There Goes the Neighborhood! Dear Vampa by Ross Collins
The Ruined Abbey
From: Bram Pire
66 Nostfer Avenue
SORRY FOR NOT WRITING FOR SO LONG, BUT WE'VE BEEN HAVING SOME TROUBLE WITH OUR NEW NEIGHBORS.
The new neighbors, the Wolfsons, do have some odd habits, Bram writes. They stay up ALL DAY, lock themselves in at night, and they actually take SUN BATHS! Then, when the Pires politely attend their housewarming party, the appealing blood-red beverages turn out only to be tomato juice. Bram and his sister try to blend in with the Wolfson's guests at their Halloween party, but when they arrive, dressed as a Yankee slugger and Dorothy from the Wizard of Oz, they find all the others costumed as ghosts, vampires, and werewolves. Not to mention, the Wolfson's pet barks at them constantly.
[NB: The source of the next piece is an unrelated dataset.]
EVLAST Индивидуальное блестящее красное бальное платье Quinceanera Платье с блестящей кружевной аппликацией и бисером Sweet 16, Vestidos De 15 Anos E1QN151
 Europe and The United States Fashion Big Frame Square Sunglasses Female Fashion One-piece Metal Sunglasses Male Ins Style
The final confrontation comes when the Pires transform themselves into bats and slip out of their tower for their evening flutter and the Wolfson kids shoot them down with slingshots.
Little Bram ends his letter sadly:
Mom doesn't think she'll ever be able to risk flying again. Dad says he has had enough. He used some very bad words.
As I write we are moving out. We're coming back to Transylvania to stay with you for a while. Mom asks if you can get the guest crypt ready for us.
Hope this finds you unwell. All my love to you and Vampma.
In Russ Collins' Dear Vampa (Katherine Tegen Books, 2009), the tale of these mismatched neighbors is told mostly through the clever illustrations which accompany the wry text. The vampire family is shown only in black and white, with small accents of red: little Bram writes by the light of fat red candles, guttering in pools of crimson all over his dimly lit desk; Bram's sister, costumed as Dorothy, wears ruby red slippers; and their pet monster looks like a bright red octopus gone terribly wrong. In contrast, the typically suburban Wolfsons, are shown in sunny pastels. The Pires, peeking from their black-curtained window, recoil in horror as the swim-suited Wolfsons blithely soak up some rays and cover their ears with bright red earmuffs as they try to sleep in their coffins while the Wolfsons frolic noisily in their sunny backyard.
But nothing is quite as it seems, for, as the Pires load their coffins into their moving van to head back to Transylvania by the light of a full moon, we see the Wolfsons, now transformed into a family of hairy werewolves, watching from their window and saying mournfully,
"It's so hard to find good neighbors!"